Ein Moment: Ganesh löst alles

Vor dem abendlichen Ausgehen spaziere ich noch zum Barbier, um meinen Bart stutzen zu lassen – der Mann von heute rasiert sich ja nicht selbst. In der kleinen Barbierstube nehme ich Platz; Kakerlaken betrachten ihr Abbild im Spiegel, während der Barbier seine Aufmerksamkeit meinem Bart widmet und ich das Geschehen im Fernsehen betrachte.

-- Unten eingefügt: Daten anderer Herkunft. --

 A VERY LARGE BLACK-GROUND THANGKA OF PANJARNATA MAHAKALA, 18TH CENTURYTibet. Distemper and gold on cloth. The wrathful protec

Dort läuft ein Film; ich verstehe die Sprache nicht – aber die Bilder sprechen Bände. Offensichtlich sind da drei Hexen – denn es handelt sich um drei in schwarz gekleidete Frauen mit Buckeln, die in schrillen Stimmen plappern – und eine Ziege. Das Tier attackiert die Hexen; offensichtlich handelt es sich dabei um einen Menschen, der von den bösen Schwarzmagierinnen verwandelt wurde. Während der gehörnte Schädel gegen schwarz-gekleidete Hintern rammt, fällt in einem parallelen Handlungsstrang eine junge Frau in Ohnmacht… Was nun? Zum Glück ist der Held gleich bei Stelle: Er hebt die Dame auf und trägt sie zu einem Ganesh-Schrein, legt sie dort sanft nieder. Dann rüttelt er an dem Schrein.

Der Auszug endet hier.